Helps Tahani Build Confidence
The first example still holds. On The Good Place Season 2 Episode 5, Tahani is being tortured by the demons and even though she knows that they’re going to plan an event that’s bigger and better than hers, she still feels disappointed once her event is upstaged and no one attends her party.
Jason sticks around to console her and reminds her that she’s awesome. They’re both 8s, and according to Jason, 8 is the highest number on the scale of 1-13. Yeah, we have to take accept his great moments with a grain of salt.
A Perfectly Timed Molotov Cocktail
Jason’s solution to nearly every problem that has presented itself on Earth and in the afterlife is to throw a Molotov cocktail. In his words: “Anytime I had a problem and I threw a Molotov cocktail, boom, right away, I had a different problem.”
On their way to meet the judge, the foursome, along with Michael and Janet, stop in the Bad Place and entertain a cocktail party while donning disguises.
Jason has absolutely no trouble fitting in with all the demons, but when they’re finally recognized and cornered, his go-to idea of throwing a Molotov cocktail actually works (the only time it ever did!) and distracts the demons long enough so that Eleanor, Chidi, Michael, Janet, and Tahani get away and make it to the judge’s chambers. JORTLES!
Not a Girl
On The Good Place Season 4, Bad Janet was sent to the Medium Place to sabotage the group’s experiment.
Knowing that the Bad Place has an evil plan in motion, Jason recognized that Janet was an imposter after saying, “Just know that I’m here for you, girl,” to which she replied, “Thanks, Jason,” instead of Good Janet’s usual response of “not a girl” when referred to as “girl.”
Jason shares his findings with the team and saving Michael’s life in the process. The two embark on a trip to the Bad Place to save Janet, which is where Jason assures her it’s them by calling her “girl.” Attention to detail is totally Jason’s thing.
Gives Romantic Advice to Chidi
Jason continues to surprise us right until the final few episodes including The Good Place Season 4 Episode 11. When Chidi worries that he and Eleanor are too different and that she’ll get bored of him in the afterlife, Jason tells him that opposites attract.
Chidi tells Jason that he needs to believe that because he’s dating the complete opposite in Janet, and Jason pretends to be hurt by the comment.
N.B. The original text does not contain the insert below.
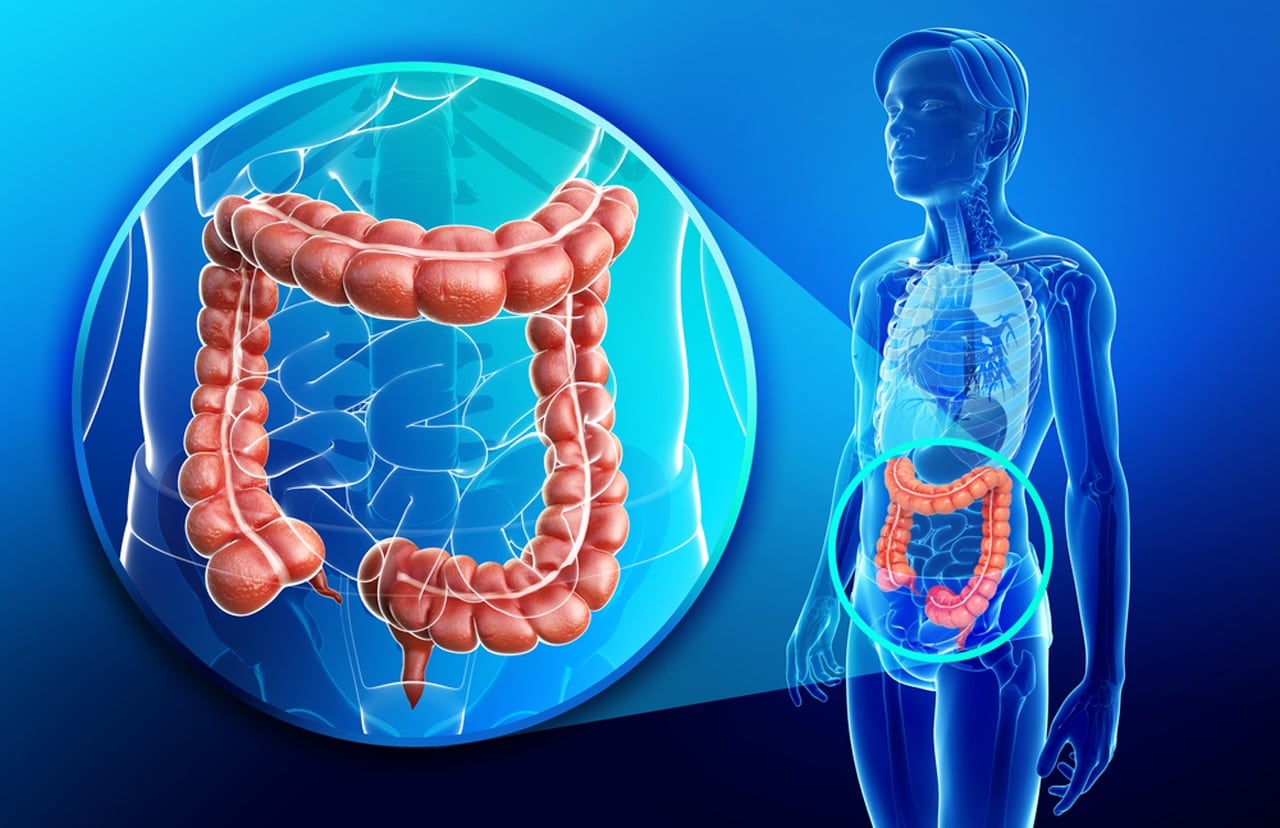 Cáncer colorrectal, el segundo cáncer de mayor mortalidad y el tercero más frecuente en Argentina.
Later, Chidi tries to cheer Jason up by giving him some sound advice including “she knows and loves you, and that’s all that matters,” which evokes a laugh from Jason who admits he tricked Chidi into giving himself and taking his own advice.
Jason then compares his relationship with Janet to the Montagues and Capulets, which surprises Chidi. “I read some books, jeez,” Jason hilariously quips.